This Christmas sweet is always a winner. It's fudge like consistency and a biscotti flavour is a hit with everyone. And ofcourse, my mother-in-law makes it the best.

This melt in the mouth Milk Cream is a dream, but like all good things, it comes to those who wait and slog. It's tedious - make no mistake about that. This specific sweet demands a lot of elbow grease. Continuous stirring means that this recipe can get repetitive and monotonous, but wait till its done, you'll be grateful that you stuck it out till the end. It's amazing how with just 3 ingredients, one can whip up such delicious treats.



Recipe by Sandra Kamerkar:

1ltr milk
450gms sugar
100gms finely ground cashew nuts

On the lowest flame, bring the milk to boil (using a heavy bottomed non stick pan is the best). Keep stirring till the milk reduces to half it's quantity. This process usually takes atleast an hour. Add the sugar and keep stirring. The sugar will dissolve and the milk thickens further. Once the milk is thick i.e coats your spoon completely without falling like syrup, add the cashews. Keep cooking and stirring till the mixture thickens further and starts pulling away from the sides.



To test when its done, drop a bit in a cold water bowl. The mixture shouldn't separate/dissolve in water, and it should hold together i.e: you should be able to make a ball and it should be smooth and hold its shape. Alternately, you can stick your finger in the pan and the mixture shouldn't be sticky.

Take off the heat and remove in a bowl to cool and dry. Once cool, butter rubber moulds and mould the milk cream. If you don't have moulds, you can roll them into little balls. Or using an oiled rolling pin, roll it out and cut into squares.



Place on a tray and let it dry overnight. Store in an airtight container.

Note: I cannot stress the importance of stirring the mix continuously, failing to do so will burn the mixture. Do not take you eyes (or your spoon) off the mixture.



Once ready, the milk cream actually turns colour from white to off white or biscuity.












Fudgey Walnut Toffee



The next few recipes come from my mother-in-law Sandra Kamerkar. She is a treasure trove of recipes and I'd be a fool to not share her cooking on the blog. I asked her to show me some traditional christmas sweets and this is the first thing she made. It's pretty easy to make, which is why its perfect for those trying out xmas sweets for the first time.

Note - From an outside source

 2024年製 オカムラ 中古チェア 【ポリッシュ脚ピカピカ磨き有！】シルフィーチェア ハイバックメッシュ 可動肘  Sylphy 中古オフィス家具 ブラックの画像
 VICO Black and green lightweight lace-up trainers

You only need 4 commonplace ingredients. The crunchy, fudgey texture is just a party in your mouth. And its so addictive! I can eat these like pop corn.  It's bite sized which makes a perfect edible gifting option.



1 can condensed milk*
1/2 tin sugar
1/2 tin full fat milk
1 tin chopped walnut
2tbsp cocoa powder

*I've used the empty condensed milk tin as a measure for the rest of the ingredients



Mix all ingredients (except the walnuts) in a pan on a low flame. Keep stirring gently till the mixture leaves the side of the pan. Now add the walnuts and stir to incorporate. Let it cool enough that you can touch it without burning your hands. Once it's manageable, roll into bite sized balls. The mixture needs to be shaped while still hot. Once it cools down it gets rock solid and completely unmanageable. Wrap in chocolate wrappers if you desire to gift.

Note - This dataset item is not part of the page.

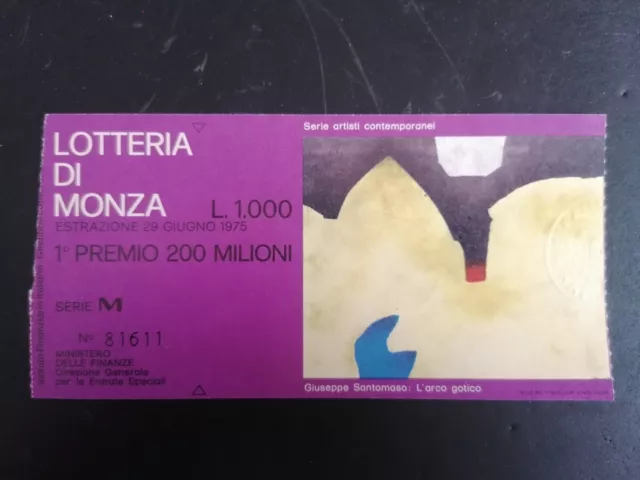 Biglietto Lotteria  Di Monza 1975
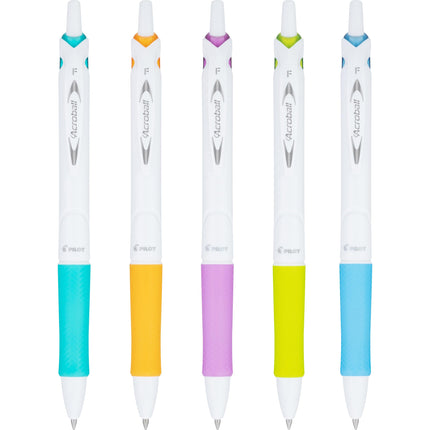 Pilot Acroball PureWhite Advanced Ink Refillable & Retractable Ball Point Pens with Turquoise/Orange/Purple/Lime/Blue Accents, Fine Point, Black Ink, 5-Pack (31861)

Tip: You can add additional flavouring (like coffee) to the milk mixture to give this toffee some zing.







Peach Ice Tea Mojito



With so much Christmas prep happening, I need refreshing drinks at one arm's distance. This drink is summer in a glass. It's like an adult Glucon-D! So refreshing! It's a perfect drink to serve for brunch or barbecues. The bigger the batch, the yummier the drink.



Makes 1ltr

100ml peach tea syrup*
1tbsp Sugar
1 cucumber
10-12 basil leaves
Cold water
Ice (optional)

*Monin usually makes amazing syrups. Incase you don't have this you can use Lipton instant peach ice tea powder as well

In a tumbler, muddle sugar, basil & the peach tea syrup. Add water to dilute and fill the tumbler and stir till sugar is dissolved. Finely slice the cucumber and add. Add ice et viola!

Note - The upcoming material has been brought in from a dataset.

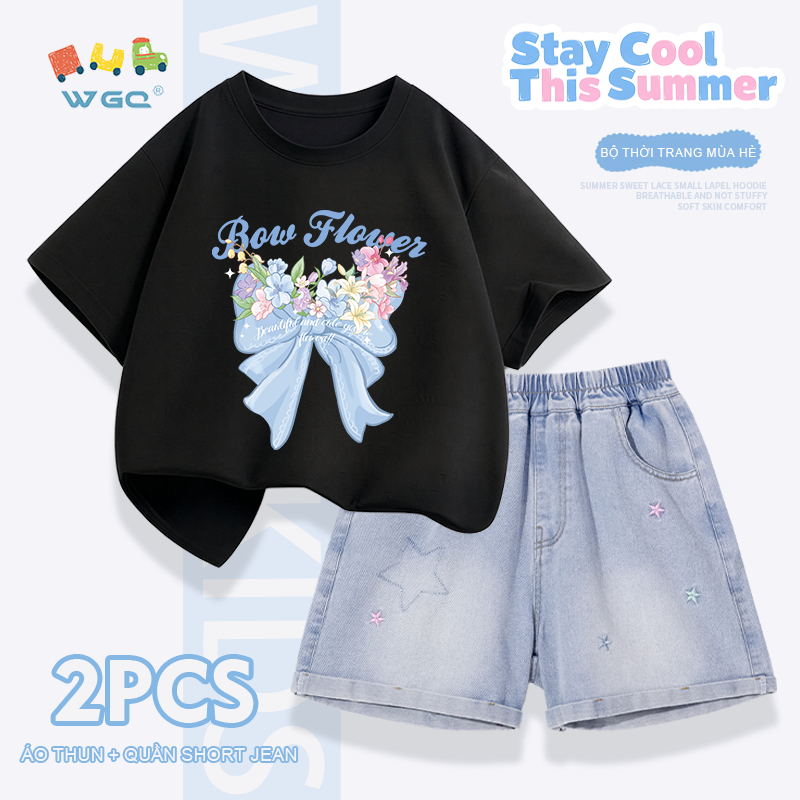 W.G.Q Bộ đồ bé gái，Áo thun phù hợp với quần short Denim，thời trang phù hợp，có hoa và thêu ngôi sao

P.S: This recipe is for a mocktail, but you can easily add vodka, rum or gin.








Focaccia Bread


I first tried focaccia bread at Theobroma. This was at a time when I didn't even know how to pronounce focaccia (it's foe-kat-cha fyi). And it was love at first bite. I always buy some focaccia to bring back home. My family relishes it. It's such a rustic bread and topped with such delicious things that it's like eating a pizza. Basic focaccia dough requires just 5 ingredients - olive oil, flour, water, yeast and salt. The beauty of this dough is in its simplicity, which is why it lends itself to so many variations. Once you have mastered the dough, your toppings are endless. And it's the perfect option for novice bread makers as its easy to prepare and doesn't require any fancy kneading or shaping techniques.



For my focaccia, I've  divided the dough to make two loaves - one with garlic, rosemary, thyme and oregano; and another with garlic and olives.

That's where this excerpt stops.